Replies from: Chris_Leong
comment by Chris_Leong · 2020-01-15T00:55:47.974Z · LW(p) · GW(p)

"That said, I don't think we are really explaining or de-confusing anything if we appeal to backwards causation to understand Newcomb's Problem or argue for a particular solution to it." - How come?

Replies from: daniel-kokotajlo
comment by Daniel Kokotajlo (daniel-kokotajlo) · 2020-01-16T01:47:06.603Z · LW(p) · GW(p)

Perhaps I was too hasty. What I had in mind was the effective strategy strategy--if you define causation by reference to what's an effective strategy for achieving what, then that means you are assuming a certain decision theory in order to define causation. And so e.g. one-boxing will cause you to get a million if EDT is true, but not if CDT is true.
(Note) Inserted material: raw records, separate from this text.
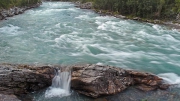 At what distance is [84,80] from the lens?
1374 centimetres

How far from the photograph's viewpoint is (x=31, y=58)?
1816 cm

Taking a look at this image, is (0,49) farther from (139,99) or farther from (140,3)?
(140,3)

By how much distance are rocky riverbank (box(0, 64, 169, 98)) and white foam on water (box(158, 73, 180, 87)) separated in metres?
0.73

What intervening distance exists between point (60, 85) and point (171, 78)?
8521 millimetres

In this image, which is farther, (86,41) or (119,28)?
(119,28)

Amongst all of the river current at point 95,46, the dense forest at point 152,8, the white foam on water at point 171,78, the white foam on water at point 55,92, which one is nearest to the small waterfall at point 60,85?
the white foam on water at point 55,92

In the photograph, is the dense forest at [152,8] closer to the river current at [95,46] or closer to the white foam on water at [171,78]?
the river current at [95,46]

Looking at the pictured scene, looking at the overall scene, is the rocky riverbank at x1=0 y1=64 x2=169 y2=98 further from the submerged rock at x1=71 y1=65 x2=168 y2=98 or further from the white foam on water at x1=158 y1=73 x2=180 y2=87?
the white foam on water at x1=158 y1=73 x2=180 y2=87

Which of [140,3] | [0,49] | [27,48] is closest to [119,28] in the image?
[140,3]

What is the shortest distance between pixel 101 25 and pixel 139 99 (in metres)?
21.9

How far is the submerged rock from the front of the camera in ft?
44.5

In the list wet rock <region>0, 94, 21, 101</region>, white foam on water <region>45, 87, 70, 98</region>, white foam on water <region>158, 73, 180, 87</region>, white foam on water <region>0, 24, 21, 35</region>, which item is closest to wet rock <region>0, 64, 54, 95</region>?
white foam on water <region>45, 87, 70, 98</region>

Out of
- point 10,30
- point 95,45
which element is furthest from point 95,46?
point 10,30

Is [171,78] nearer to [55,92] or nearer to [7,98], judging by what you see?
[55,92] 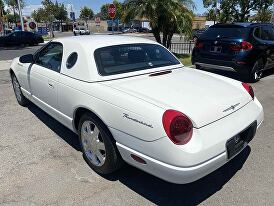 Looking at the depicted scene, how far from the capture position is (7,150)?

If instead you have another way to define causation, then I don't know. But for some ways, you are just fighting the hypothetical--OK, so maybe in the original Newcomb's Problem as stated, backwards causation saves the day and makes CDT and EDT agree on what to do. But then what about a modified version where the backwards causation is not present?

comment by Viliam · 2020-01-14T23:33:23.979Z · LW(p) · GW(p)
Another relativistic argument against time flowing is that simultaneity is only defined relative to a reference frame. Therefore, there is no unified present which is supposed to be what is flowing.

Relativity does not make the arrow of time relative to observer. Events in one's future light cone remain in their future light cone also from a perspective of someone else.

Replies from: Chris_Leong
comment by Chris_Leong · 2020-01-15T00:53:34.950Z · LW(p) · GW(p)

"Relativity does not make the arrow of time relative to observer" - I didn't say that. I said there was no unified notion of the present

Replies from: None
comment by [deleted] · 2020-01-15T18:37:25.962Z · LW(p) · GW(p)

Yes, but the direction of causality is very much preserved. The notion of present is not necessary in a directed acyclic graph.